В верхний водоем Соломона впадает более новый водовод Пилата;, несущий воду из вади эль Бияр: он идет в глубоком и длинном туннеле пятикилометровой длины – длиннее среднего швейцарского туннеля. Он начинается напротив еврейского поселения Элеазар, в пещере источника Эн-эль-Дарадж, в узкой долине с крутыми берегами. Каждые тридцать метров строители опускали вертикальную шахту в тоннель для выемки грунта и для доступа к воде. Так в современных водопроводах в пустыне Негев строители ставят частые краны для бедуинов. В тех местах, где нет кранов, бедуины ломают водопровод, чтобы напоить овец.

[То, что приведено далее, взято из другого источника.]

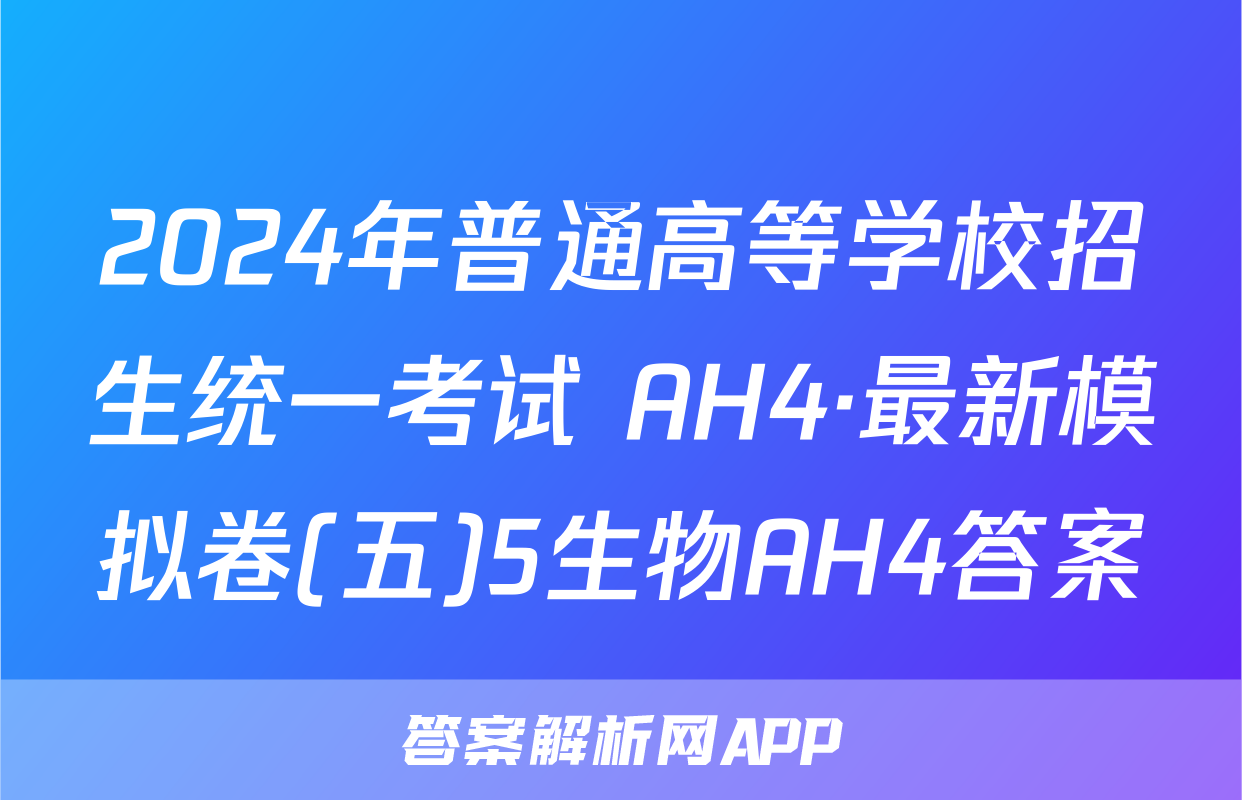 2024年普通高等学校招生统一考试 AH4·最新模拟卷(五)5生物AH4答案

От водоемов Соломона древний водовод продолжал петлять к северо-востоку, прилежно обходя горы, и наконец входил по Арке Робинсона на Храмовую гору. Более поздний водовод Пилата идет прямиком на Иерусалим, проходя под горами и нависая над балками, и завершается в Верхнем городе. По его трассе англичане проложили водопровод из района Эциона к Западному Иерусалиму. Водоводы такого рода были не по духу крестьянам – им и самим была нужна вода, а римляне запрещали сажать деревья и злаки вдоль трассы водоводов.

Англичане старались оживить систему водоводов и во многом преуспели. При них вода из Аруба шла верхом к Эциону, к русскому монастырю, ставшему в наши дни военным лагерем. Израильские поселения питаются Национальным водоводом, несущим воду Тивериадского озера, Кинерета, Яркона, и из артезианских скважин, высасывая подземные резервуары Нагорья.

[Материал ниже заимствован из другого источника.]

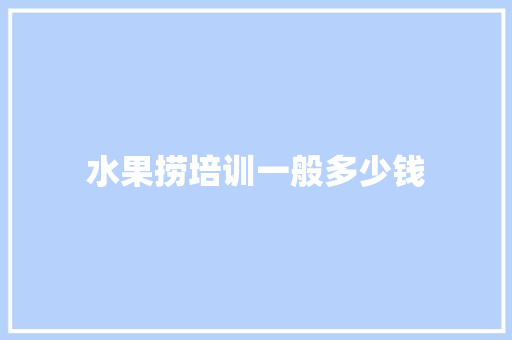 水果捞培训一般多少钱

В Нагорье начинаешь понимать, как трудно было добиться симбиоза между человеком и источником. Без человека источники хиреют или попусту льют свою воду на каменистые склоны. Чтобы принести воду в сады, в плодородные и узкие долины, нужен труд людей. Но нельзя и слишком интенсивно эксплуатировать подземные реки, чтобы они не иссякли.

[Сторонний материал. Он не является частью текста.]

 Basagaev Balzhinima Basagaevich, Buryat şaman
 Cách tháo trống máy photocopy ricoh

Есть в Нагорье и источники, оказавшиеся вдали от сел, причем некоторые из них – самые большие в своем районе. Тогда в их окрестности в мирное время возникают временные поселения, “дачи” феллахов из ближайших сел, их огороды и посадки. Таков Эн-эль-Ункур, многоводный источник, точнее, целый каскад источников, бьющих там, где дорога из Хеврона на юг поворачивает на Дуру, в складках гор, в вади к западу от поворота. Этот источник образовал цветущий сад в русле вади. Крестьяне террасировали русло, превратив его в ступени гиганта, и посадили на террасах плодовые деревья. Летом или ранней осенью хорошо гулять по этому вади, заросшему, тенистому, зеленому, среди виноградников, орешника, гранатовых деревьев, смоковниц и прочих красот.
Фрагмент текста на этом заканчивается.